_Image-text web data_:
---+---

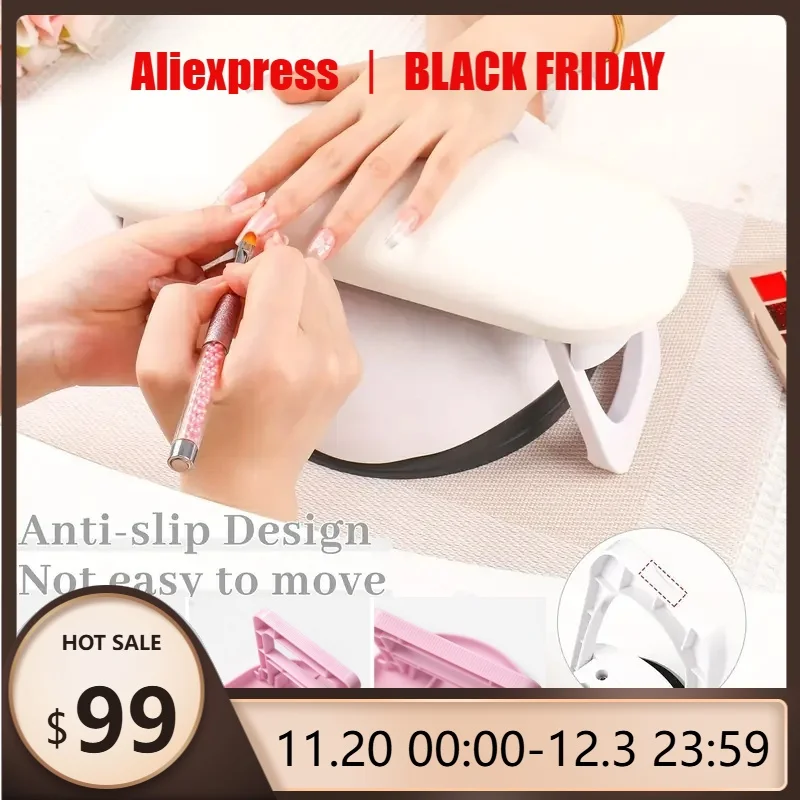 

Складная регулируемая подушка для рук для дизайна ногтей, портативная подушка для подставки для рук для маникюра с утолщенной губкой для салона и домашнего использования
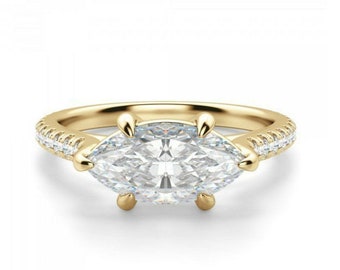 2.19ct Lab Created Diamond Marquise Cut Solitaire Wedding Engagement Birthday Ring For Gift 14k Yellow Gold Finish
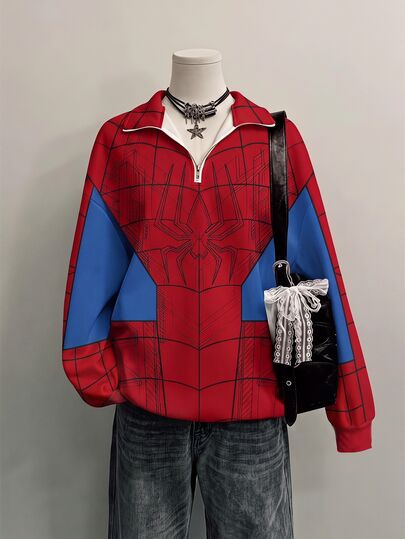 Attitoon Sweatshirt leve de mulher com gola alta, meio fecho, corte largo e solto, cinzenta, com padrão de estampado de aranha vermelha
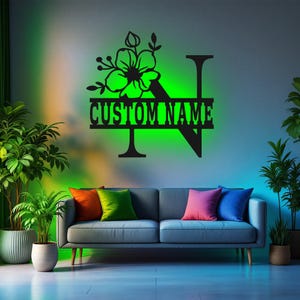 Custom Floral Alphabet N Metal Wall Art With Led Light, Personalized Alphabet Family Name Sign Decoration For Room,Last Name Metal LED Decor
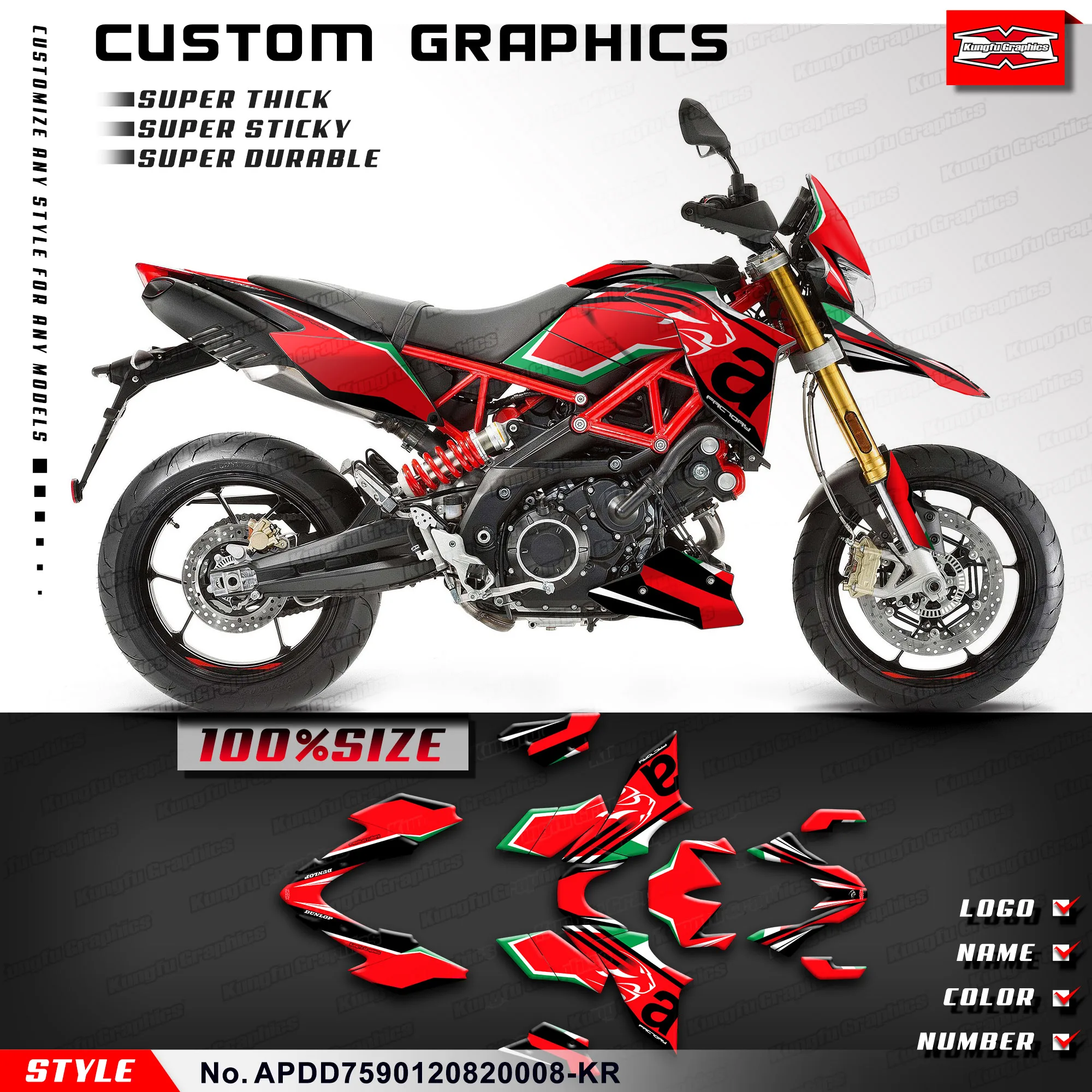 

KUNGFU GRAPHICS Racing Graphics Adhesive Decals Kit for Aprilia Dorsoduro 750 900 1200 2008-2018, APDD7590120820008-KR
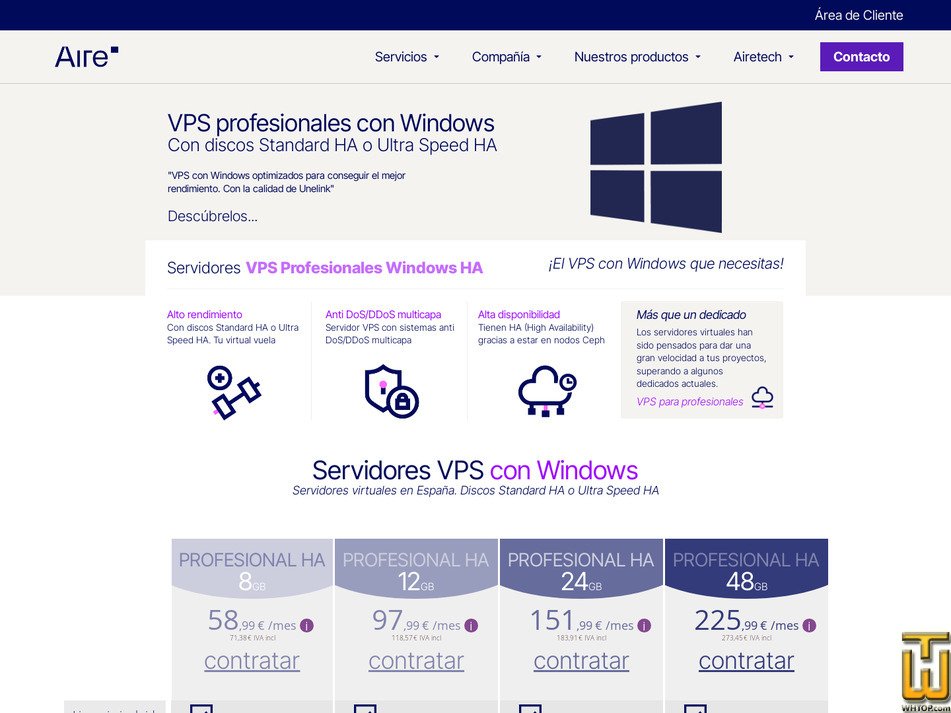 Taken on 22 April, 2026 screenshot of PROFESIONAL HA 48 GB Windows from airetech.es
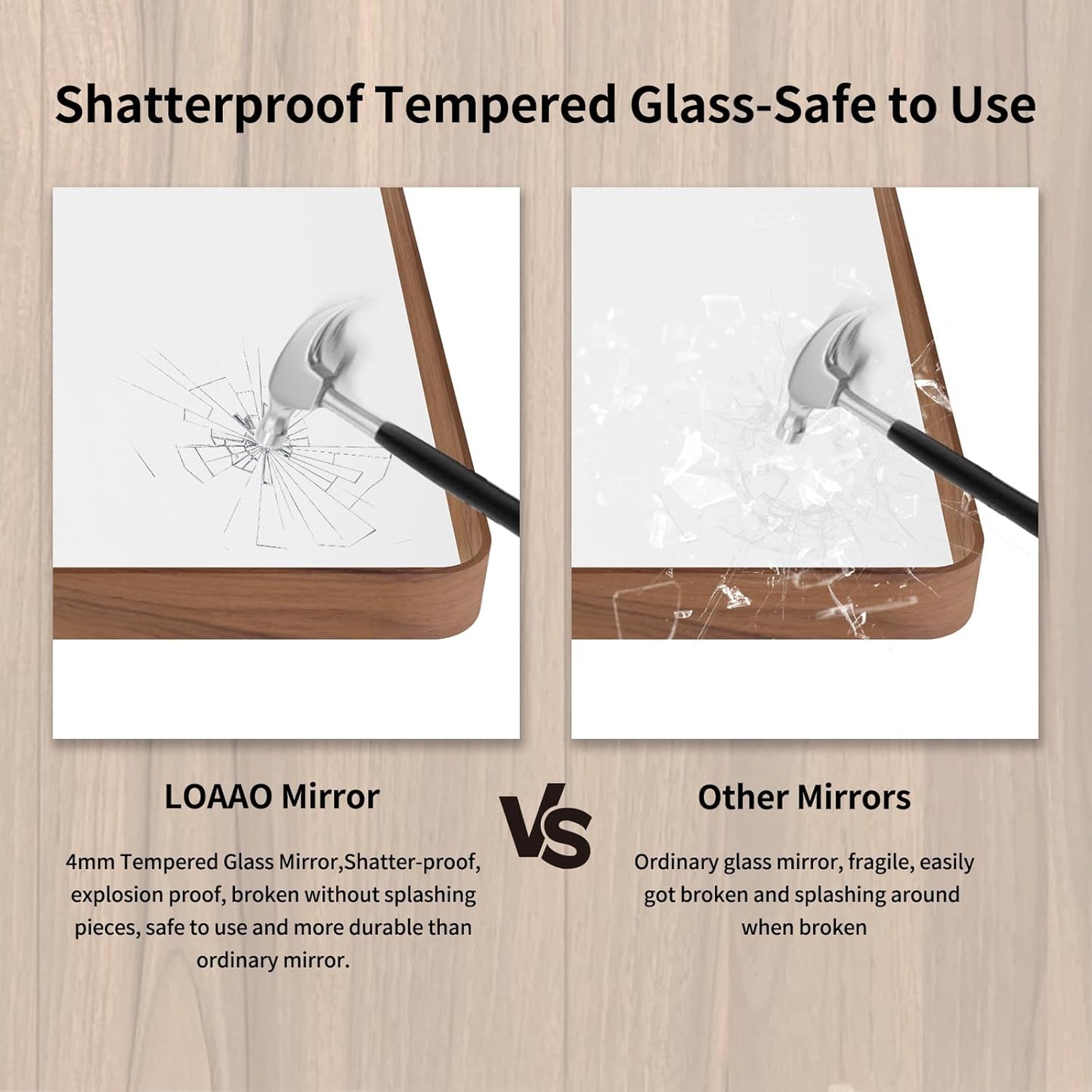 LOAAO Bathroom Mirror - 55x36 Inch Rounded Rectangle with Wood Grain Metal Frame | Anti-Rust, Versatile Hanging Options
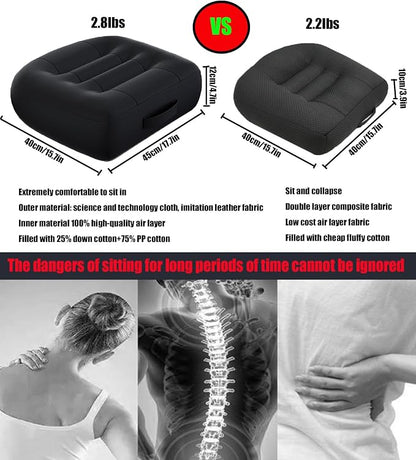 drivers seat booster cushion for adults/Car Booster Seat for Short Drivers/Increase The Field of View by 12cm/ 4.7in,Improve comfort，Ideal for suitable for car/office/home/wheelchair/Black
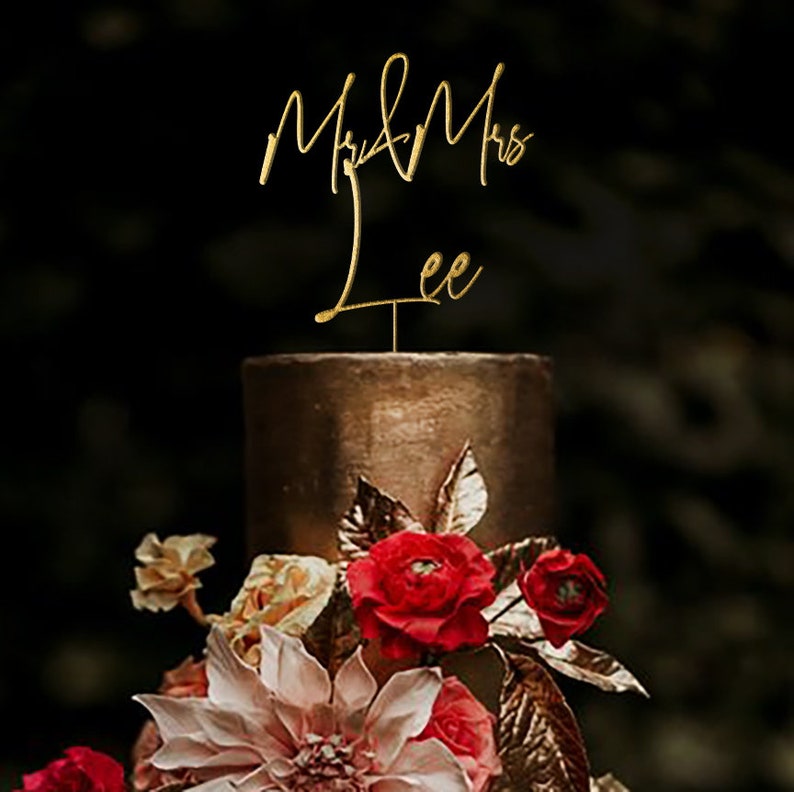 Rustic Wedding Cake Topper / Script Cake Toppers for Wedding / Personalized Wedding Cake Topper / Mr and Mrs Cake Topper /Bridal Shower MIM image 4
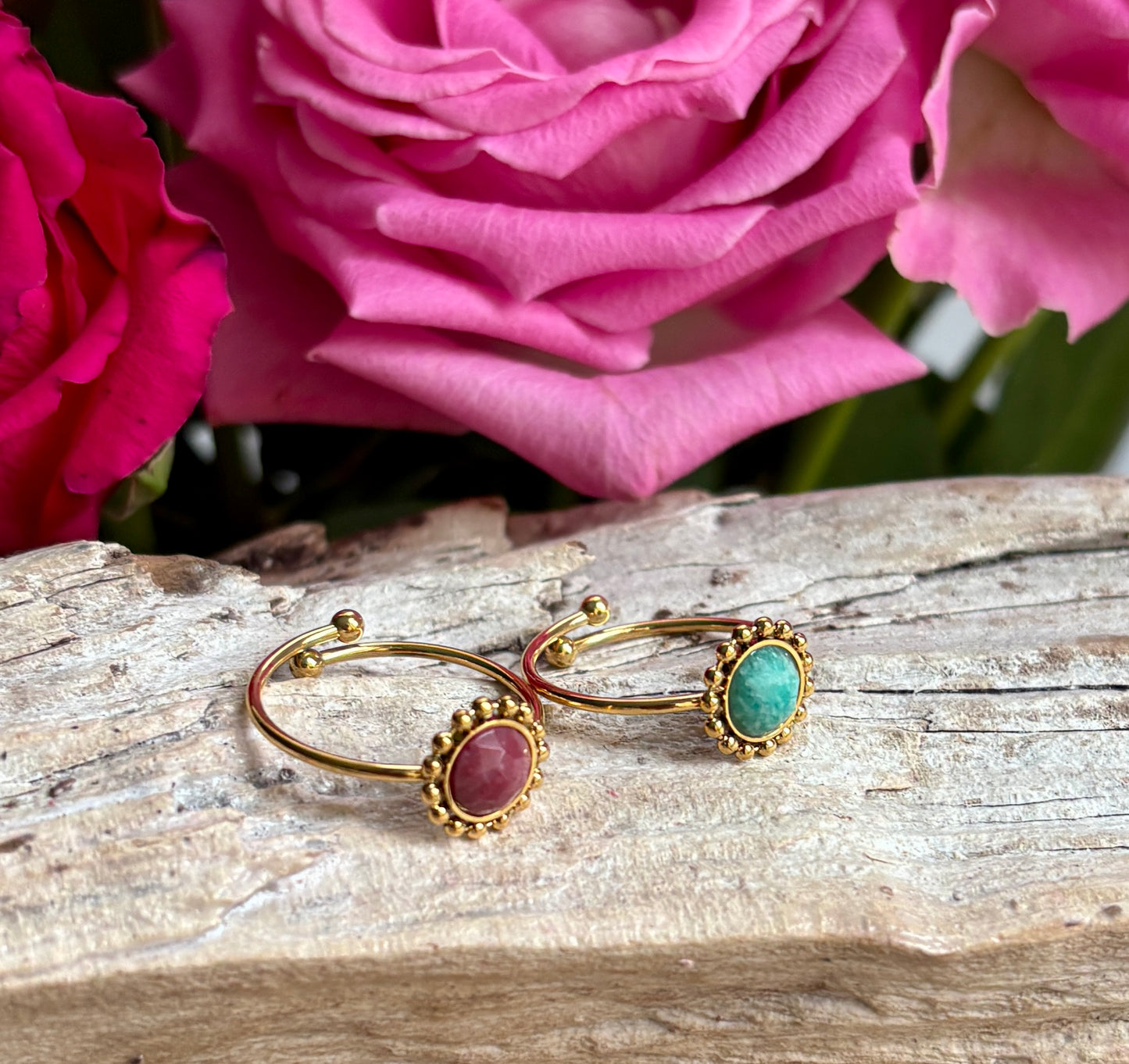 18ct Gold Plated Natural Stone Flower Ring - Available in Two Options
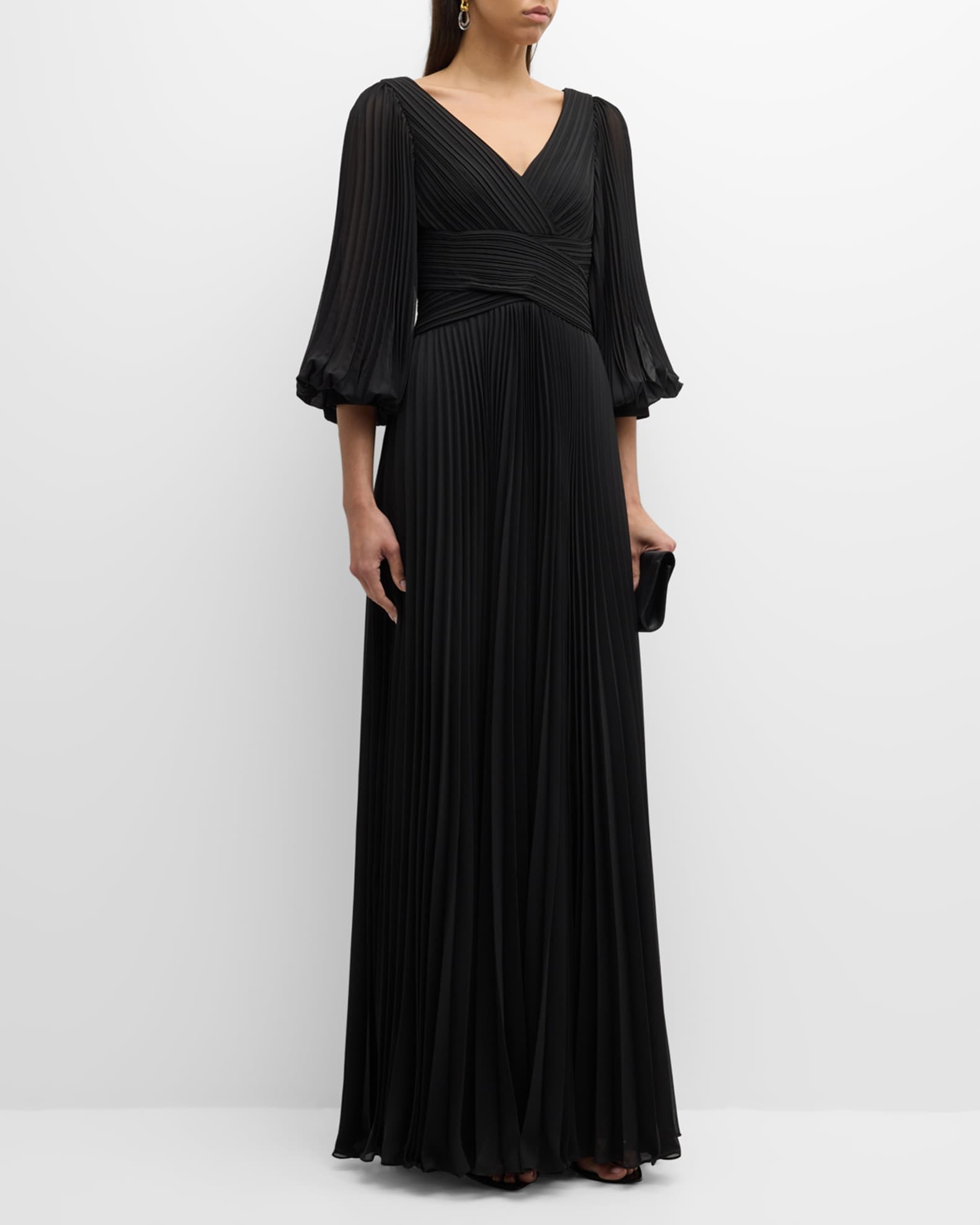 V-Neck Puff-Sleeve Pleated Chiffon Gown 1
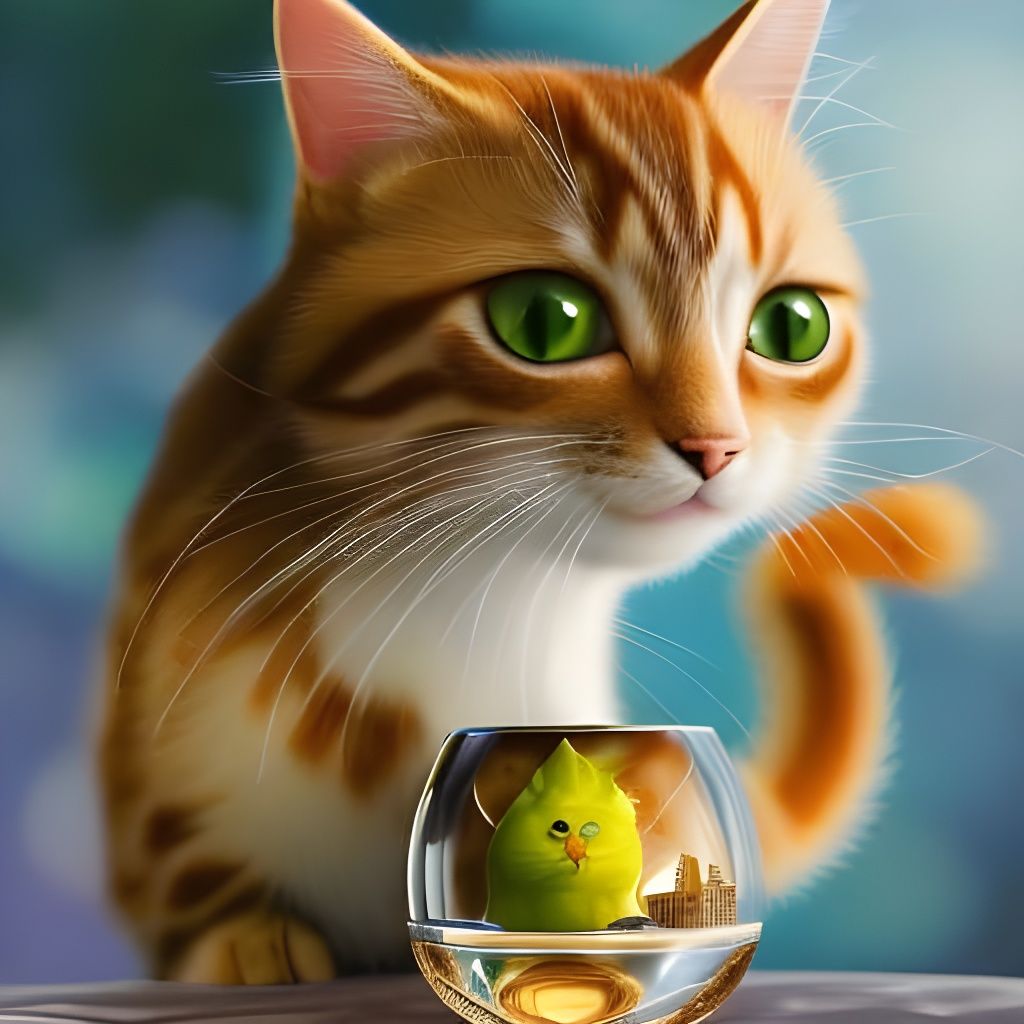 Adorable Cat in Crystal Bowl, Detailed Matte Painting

---+---

Each line from the one containing "drivers seat booster" through the last line of the data should be written out exactly. Skip the pictures, and add no other lines.

 drivers seat booster cushion for adults/Car Booster Seat for Short Drivers/Increase The Field of View by 12cm/ 4.7in,Improve comfort，Ideal for suitable for car/office/home/wheelchair/Black
 Rustic Wedding Cake Topper / Script Cake Toppers for Wedding / Personalized Wedding Cake Topper / Mr and Mrs Cake Topper /Bridal Shower MIM image 4
 18ct Gold Plated Natural Stone Flower Ring - Available in Two Options
 V-Neck Puff-Sleeve Pleated Chiffon Gown 1
 Adorable Cat in Crystal Bowl, Detailed Matte Painting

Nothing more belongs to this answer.